The field of human resources is one that is often overlooked in enterprise management. This
situation is aided by the fact that an efficient Human Resources department should function
without fanfare. For example, when a project team successfully launches a product on time and
within budget it is hailed as a great success. When the HR department manages the administration
of the enterprise successfully it can go virtually unnoticed – after all, the Human Resources
department is simply expected to work, only attracting attention when there are problems.
The reality, however, is very different. The HR department plays a vital role in ensuring the
smooth running of an enterprise – most importantly by tracking and analysing the timekeeping and
work patterns of the workforce, allowing management better information on which to form strategies.
The importance of human resources has not gone unnoticed by the software industry. There is now a
wide range of applications available to aid the HR department in their tasks, making possible the
automation of certain tasks and aiding in the organisation of many others.
HRM software systems (from vendors such as
Ascentis) are broadly defined by the four
basic responsibilities of the HR department, and as such typically contain standalone modules to
address the needs of each responsibility:
Payroll Module: The payroll module greatly reduces the workload of the HR department by automating the payroll
process, allowing HR to ensure that payroll functions are completed on time and without errors.
At its most basic level the payroll module is supported by the manual entry of timekeeping and
attendance data from paper-based timesheets submitted by the workforce. More advanced systems
track employee timekeeping through automatic systems, connected to either a ‘clocking in’ system
or a tracker connected to the desktop computers of the employees.
Once attendance data is fed into the system, the payroll module automatically calculates payment
amounts and various deductions such as income tax before generating paychecks and employee tax reports.
Time and Labour Management Module: The time and labour management module is designed to collate and analyse employee timekeeping
information for the purposes of organisational cost accounting.
By sourcing data directly from the timekeeping devices and methods used to calculate payroll this
module can provide management with valuable data regarding the use of labour resources within the enterprise.

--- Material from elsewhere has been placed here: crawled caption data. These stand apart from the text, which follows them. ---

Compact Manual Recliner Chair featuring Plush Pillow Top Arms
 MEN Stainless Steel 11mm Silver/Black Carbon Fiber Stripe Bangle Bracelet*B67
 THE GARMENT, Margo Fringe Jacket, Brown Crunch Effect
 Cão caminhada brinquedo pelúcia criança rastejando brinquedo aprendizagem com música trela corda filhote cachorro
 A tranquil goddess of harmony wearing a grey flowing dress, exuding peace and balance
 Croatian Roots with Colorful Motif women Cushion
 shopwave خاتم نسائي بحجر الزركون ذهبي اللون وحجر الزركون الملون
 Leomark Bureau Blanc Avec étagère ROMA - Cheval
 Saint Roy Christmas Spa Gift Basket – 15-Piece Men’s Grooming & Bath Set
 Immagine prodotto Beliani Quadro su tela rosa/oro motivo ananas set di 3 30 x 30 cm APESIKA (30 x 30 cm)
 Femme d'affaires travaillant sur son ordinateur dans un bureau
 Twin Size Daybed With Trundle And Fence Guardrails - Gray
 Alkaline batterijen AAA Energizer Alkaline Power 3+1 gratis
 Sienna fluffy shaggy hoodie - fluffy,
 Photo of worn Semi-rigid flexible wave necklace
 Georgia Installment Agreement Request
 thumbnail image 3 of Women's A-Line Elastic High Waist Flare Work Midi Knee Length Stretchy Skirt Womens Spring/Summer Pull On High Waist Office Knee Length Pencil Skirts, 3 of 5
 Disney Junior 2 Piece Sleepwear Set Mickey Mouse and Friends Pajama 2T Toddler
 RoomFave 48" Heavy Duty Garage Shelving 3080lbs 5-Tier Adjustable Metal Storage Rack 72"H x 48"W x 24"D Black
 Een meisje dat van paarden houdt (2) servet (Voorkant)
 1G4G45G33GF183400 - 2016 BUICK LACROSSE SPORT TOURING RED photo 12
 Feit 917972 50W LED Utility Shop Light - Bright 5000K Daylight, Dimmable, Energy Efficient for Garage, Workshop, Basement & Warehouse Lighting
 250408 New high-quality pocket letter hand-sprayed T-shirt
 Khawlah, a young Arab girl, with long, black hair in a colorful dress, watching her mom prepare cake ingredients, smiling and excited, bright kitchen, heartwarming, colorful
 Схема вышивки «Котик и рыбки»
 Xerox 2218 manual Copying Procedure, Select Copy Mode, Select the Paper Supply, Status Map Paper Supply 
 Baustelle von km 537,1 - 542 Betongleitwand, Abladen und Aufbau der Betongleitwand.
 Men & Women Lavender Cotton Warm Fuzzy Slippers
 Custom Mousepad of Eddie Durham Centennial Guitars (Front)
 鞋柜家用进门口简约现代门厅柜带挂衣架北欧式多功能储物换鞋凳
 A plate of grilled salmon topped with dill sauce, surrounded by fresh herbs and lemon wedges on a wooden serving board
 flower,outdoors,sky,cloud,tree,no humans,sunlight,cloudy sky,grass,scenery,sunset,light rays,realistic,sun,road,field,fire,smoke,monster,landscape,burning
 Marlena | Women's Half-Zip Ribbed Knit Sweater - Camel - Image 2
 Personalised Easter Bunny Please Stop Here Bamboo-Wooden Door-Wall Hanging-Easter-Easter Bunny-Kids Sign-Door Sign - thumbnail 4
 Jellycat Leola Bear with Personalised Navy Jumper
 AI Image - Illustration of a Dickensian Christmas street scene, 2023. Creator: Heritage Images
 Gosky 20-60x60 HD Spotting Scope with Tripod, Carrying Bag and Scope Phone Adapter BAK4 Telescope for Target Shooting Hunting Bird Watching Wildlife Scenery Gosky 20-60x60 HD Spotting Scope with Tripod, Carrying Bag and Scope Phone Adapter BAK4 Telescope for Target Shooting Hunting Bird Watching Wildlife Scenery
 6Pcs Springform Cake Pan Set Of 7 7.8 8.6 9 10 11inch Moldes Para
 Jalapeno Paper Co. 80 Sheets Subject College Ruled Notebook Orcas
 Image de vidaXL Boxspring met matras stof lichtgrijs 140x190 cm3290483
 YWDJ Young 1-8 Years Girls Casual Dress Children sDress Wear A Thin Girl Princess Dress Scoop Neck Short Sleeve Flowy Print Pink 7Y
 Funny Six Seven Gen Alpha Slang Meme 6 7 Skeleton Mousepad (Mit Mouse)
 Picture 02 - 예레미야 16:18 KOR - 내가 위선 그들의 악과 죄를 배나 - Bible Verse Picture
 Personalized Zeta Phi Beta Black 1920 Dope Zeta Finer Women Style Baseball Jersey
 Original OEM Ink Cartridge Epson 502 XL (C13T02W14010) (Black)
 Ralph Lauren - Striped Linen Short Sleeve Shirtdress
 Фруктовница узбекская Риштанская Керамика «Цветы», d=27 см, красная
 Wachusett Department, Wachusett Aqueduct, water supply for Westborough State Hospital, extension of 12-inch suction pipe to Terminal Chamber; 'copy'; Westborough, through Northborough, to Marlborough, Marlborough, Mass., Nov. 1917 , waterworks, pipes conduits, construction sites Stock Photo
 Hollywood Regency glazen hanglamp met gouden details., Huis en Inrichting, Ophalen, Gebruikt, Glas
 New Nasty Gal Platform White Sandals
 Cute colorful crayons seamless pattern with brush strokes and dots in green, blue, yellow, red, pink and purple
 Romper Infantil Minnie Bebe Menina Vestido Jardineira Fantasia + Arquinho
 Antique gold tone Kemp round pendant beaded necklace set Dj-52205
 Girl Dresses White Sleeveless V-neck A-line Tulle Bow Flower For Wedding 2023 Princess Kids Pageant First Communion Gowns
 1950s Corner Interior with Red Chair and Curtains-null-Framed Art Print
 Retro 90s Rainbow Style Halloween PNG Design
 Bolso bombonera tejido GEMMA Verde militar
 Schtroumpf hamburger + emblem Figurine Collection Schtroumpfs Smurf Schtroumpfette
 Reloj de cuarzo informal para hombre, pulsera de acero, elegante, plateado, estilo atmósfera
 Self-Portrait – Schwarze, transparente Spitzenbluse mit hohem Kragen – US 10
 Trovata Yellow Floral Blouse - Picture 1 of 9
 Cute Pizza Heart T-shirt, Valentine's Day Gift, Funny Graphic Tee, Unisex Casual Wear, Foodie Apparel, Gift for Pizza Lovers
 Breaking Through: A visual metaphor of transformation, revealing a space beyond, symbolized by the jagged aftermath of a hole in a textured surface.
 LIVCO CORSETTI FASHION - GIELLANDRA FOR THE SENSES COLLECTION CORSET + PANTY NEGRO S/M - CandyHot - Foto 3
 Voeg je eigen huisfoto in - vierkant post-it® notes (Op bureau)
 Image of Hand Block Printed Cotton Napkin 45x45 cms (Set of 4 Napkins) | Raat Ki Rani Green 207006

Benefit Administration Module: The benefit administration module provides HR personnel with the capacity to monitor and manage
employee participation in a range of benefit programs. These programs can range from programs
related to the wellbeing of the workforce (such as health insurance and pension schemes) to
profit making programs (such as stock option plans and profit sharing).
HR Management Module: The HR management module provides a range of HR solutions ranging from analyses of application
data through to the basic demographic data of employees.
The management module allows HR personnel to effectively manage the Human Capital Pool (HCP)
available within the enterprise, in that it
keeps track of the training and development of the
workforce and the skills and qualifications of each employee. Advanced HR management modules can
also automate the process of application for positions by capturing application data and entering
it to a relevant database.
Benefits of HRMS
While these modules each provide benefits to the HR department itself, the applications also
aid the enterprise as a whole.
HRM systems convert human resources information into a digital format, allowing that information
to be added to the knowledge management systems of the enterprise. The result of this is that HR
data can be integrated into the larger Enterprise Resource Planning (ERP) systems of the enterprise.
In analysing enterprise wide resource usage this data can prove invaluable. Data related to the
time usage of the workforce can enhance the
decision making abilities of management, allowing the
HR department to form an integral aspect of strategy formation for the enterprise as a whole.